Another thing: most devs aren’t exactly database experts (I’m not). They don’t always understand the implications of their changes. Like — did you know that adding an index can block the entire DB?
Also, how is it normal to create a single PR that includes both a schema migration and code changes? There’s no way to deploy those changes exactly at the same time.
The solution
The solution is so simple, so obvious… too obvious, in fact. Just… don’t write migration files. Declare your schema declaratively the way you write Terraform configuration or Kubernetes manifests. A single schema.sql
file that creates the entire schema from scratch will carry you a long way before you ever have to think about a word “migration”.
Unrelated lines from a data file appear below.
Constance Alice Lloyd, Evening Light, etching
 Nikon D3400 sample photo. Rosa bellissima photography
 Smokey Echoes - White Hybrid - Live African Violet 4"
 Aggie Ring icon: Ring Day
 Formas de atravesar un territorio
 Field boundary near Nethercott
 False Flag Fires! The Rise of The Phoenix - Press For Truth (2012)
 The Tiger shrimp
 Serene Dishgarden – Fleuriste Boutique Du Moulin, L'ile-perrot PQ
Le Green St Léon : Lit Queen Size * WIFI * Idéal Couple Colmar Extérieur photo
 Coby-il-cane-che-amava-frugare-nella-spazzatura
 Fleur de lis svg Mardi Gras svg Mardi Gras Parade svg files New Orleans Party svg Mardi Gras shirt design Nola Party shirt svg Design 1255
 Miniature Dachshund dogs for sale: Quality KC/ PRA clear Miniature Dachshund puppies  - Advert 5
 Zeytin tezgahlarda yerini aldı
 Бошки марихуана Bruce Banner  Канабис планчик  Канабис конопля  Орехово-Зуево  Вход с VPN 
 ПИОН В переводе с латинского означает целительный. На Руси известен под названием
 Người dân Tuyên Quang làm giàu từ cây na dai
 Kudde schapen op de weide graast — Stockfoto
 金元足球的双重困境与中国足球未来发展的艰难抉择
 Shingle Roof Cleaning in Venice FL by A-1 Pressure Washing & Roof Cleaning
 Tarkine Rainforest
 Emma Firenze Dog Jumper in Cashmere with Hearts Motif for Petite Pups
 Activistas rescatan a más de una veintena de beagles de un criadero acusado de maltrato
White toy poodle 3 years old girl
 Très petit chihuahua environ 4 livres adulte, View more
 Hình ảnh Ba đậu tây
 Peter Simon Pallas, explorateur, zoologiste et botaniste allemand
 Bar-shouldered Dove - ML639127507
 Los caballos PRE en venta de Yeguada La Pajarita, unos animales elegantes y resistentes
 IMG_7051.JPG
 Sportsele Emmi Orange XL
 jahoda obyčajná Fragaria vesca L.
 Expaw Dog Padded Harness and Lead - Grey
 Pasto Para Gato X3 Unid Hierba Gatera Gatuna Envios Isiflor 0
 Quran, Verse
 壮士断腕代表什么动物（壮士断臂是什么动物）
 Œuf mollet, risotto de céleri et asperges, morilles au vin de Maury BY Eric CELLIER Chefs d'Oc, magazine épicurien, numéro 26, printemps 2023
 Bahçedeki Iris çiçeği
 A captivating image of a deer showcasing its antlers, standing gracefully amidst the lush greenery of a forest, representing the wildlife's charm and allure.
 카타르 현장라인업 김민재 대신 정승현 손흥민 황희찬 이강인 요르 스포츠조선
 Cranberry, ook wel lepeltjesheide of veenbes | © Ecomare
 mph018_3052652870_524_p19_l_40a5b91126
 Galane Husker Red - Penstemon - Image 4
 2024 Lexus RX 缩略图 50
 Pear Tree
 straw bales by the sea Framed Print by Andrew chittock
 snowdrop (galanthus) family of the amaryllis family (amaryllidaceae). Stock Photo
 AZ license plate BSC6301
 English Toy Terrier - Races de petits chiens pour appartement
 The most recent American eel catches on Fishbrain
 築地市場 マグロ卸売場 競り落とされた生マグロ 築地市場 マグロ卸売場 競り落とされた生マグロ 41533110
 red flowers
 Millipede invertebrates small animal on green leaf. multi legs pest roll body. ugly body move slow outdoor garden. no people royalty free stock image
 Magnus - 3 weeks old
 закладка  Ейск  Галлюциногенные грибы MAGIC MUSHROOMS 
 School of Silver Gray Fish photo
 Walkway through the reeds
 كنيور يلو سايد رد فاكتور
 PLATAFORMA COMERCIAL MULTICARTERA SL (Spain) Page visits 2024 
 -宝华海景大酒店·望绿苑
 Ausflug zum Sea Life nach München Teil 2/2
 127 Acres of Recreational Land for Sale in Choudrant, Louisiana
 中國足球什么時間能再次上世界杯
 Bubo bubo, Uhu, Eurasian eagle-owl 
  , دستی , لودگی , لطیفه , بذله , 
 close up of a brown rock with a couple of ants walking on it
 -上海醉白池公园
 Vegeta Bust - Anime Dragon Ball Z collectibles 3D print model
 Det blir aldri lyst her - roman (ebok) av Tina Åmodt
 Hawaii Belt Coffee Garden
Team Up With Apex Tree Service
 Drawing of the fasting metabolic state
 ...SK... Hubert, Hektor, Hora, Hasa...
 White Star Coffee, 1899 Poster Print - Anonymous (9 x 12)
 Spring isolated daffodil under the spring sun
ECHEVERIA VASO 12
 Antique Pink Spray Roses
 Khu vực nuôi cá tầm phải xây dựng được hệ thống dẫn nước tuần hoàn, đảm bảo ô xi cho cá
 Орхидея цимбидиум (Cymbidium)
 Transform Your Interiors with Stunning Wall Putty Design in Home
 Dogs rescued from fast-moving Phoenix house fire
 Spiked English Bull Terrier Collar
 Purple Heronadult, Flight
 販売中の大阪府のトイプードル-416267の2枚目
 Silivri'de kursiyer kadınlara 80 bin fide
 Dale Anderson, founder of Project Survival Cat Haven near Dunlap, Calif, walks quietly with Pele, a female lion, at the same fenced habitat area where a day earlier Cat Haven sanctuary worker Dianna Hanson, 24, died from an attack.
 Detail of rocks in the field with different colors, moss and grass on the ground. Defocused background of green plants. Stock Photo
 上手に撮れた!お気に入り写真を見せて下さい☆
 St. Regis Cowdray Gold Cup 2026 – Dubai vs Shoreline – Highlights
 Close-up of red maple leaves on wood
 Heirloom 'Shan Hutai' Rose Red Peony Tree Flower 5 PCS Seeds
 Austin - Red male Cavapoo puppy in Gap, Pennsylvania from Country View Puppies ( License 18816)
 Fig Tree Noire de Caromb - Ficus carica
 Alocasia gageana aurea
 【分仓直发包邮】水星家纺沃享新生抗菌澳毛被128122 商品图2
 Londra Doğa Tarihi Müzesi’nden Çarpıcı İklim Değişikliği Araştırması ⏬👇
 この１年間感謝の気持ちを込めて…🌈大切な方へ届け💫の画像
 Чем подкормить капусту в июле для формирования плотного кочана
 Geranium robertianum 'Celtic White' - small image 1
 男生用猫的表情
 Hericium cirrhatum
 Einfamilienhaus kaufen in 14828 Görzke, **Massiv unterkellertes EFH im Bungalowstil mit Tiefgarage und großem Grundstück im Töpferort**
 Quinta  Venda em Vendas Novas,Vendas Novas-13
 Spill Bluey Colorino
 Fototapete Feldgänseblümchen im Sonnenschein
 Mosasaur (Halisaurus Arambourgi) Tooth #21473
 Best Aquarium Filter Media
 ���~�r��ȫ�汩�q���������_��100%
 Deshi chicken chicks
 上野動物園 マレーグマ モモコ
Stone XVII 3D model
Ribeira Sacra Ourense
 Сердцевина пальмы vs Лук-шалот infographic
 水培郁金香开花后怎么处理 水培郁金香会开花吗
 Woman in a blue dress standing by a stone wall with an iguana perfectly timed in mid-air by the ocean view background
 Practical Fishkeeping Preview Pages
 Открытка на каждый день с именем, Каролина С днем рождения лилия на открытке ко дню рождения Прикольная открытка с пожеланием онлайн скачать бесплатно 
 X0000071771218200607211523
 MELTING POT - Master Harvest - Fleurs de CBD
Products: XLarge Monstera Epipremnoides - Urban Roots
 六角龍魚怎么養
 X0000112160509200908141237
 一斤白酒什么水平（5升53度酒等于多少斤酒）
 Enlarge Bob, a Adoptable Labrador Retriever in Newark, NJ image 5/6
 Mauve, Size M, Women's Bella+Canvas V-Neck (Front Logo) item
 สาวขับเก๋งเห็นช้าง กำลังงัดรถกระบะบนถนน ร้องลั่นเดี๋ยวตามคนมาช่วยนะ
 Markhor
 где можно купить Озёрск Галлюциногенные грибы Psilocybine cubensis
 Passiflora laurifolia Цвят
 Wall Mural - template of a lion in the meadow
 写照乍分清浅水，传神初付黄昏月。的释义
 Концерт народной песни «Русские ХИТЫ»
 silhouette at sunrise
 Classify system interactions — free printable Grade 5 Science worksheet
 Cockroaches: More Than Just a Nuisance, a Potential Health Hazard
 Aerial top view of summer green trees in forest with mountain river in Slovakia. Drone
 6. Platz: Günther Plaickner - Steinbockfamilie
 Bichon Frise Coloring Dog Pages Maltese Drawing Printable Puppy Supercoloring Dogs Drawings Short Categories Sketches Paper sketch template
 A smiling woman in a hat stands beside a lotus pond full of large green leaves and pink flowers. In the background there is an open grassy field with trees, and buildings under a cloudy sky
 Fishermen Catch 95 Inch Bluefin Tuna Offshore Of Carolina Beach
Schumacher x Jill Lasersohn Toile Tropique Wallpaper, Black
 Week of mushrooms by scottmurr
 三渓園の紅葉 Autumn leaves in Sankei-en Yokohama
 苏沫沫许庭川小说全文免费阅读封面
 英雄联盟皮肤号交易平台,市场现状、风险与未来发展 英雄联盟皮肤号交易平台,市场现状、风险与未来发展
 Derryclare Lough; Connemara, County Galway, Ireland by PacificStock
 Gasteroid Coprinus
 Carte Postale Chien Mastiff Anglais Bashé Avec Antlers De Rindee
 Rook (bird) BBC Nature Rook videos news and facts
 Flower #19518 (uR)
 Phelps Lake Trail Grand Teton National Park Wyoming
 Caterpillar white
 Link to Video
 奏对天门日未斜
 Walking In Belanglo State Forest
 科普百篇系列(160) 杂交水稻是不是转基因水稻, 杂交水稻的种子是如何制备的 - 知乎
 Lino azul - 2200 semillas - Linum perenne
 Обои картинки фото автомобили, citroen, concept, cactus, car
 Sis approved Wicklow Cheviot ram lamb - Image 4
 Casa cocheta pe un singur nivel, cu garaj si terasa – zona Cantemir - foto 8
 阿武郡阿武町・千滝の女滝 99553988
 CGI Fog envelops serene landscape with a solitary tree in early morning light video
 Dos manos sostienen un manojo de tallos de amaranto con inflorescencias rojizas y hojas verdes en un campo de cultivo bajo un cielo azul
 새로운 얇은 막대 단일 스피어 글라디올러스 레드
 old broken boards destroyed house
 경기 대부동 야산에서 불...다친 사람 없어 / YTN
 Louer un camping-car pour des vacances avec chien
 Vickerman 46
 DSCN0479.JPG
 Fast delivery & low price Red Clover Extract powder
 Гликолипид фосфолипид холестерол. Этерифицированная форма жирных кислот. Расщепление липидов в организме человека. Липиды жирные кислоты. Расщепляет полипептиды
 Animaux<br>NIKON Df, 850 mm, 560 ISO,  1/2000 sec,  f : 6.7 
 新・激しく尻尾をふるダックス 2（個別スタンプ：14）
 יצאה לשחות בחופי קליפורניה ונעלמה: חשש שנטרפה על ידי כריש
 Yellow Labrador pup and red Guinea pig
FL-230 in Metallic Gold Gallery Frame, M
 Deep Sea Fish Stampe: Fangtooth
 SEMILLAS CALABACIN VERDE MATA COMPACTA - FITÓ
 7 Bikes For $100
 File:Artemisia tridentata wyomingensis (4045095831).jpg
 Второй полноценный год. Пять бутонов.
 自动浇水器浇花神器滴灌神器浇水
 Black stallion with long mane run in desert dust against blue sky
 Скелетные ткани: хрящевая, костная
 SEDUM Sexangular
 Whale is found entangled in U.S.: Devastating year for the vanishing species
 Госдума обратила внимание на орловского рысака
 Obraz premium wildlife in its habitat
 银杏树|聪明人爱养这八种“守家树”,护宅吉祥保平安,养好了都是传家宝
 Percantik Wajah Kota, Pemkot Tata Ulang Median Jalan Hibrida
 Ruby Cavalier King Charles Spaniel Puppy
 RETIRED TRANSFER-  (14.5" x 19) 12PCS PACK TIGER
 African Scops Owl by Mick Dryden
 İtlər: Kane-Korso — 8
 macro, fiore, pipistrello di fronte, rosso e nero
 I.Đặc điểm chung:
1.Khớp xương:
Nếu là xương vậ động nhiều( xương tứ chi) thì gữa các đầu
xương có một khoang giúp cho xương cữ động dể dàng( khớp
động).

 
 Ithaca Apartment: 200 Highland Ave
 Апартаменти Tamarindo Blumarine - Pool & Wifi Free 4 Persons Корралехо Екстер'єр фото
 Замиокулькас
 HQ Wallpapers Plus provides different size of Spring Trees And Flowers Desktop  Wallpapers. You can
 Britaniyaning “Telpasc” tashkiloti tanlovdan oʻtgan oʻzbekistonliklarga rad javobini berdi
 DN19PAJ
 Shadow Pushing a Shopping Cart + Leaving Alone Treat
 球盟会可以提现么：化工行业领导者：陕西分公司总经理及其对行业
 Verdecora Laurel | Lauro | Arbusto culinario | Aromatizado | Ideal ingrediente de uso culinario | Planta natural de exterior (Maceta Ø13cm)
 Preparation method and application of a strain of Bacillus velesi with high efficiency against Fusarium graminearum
While it’s technically still imperative SQL (CREATE TABLE
, etc.), the experience feels declarative: you describe the desired end state, and the tooling figures out the steps to get there.
I actually first got to see it when I played with PlanetScale (rip, the free tier) a few years back. Their UI and dev experience was something else. Then I found pg-schema-diff
made by Stripe and it’s a game changer. I never want to see a migration file ever again. Please.
pg-schema-diff
is pretty sweet. You just point it to a schema file and a live DB with previous schema and it will print all statements to migrate the schema. It can also do the migration on its own, but I think it’s better to extract that part and report the statements in a PR for review.
This approach has some limitations. For example, you can’t rename tables (it will do CREATE TABLE
and DROP TABLE
). Another thing is inability to do data migrations (but IMO it’s a feature, most of the time).
I’m sure true SQL ninjas could point many more, valid cases, where preparing the statements yourself will be a better, faster and safer option. But at that point, the project probably has a dedicated database guru.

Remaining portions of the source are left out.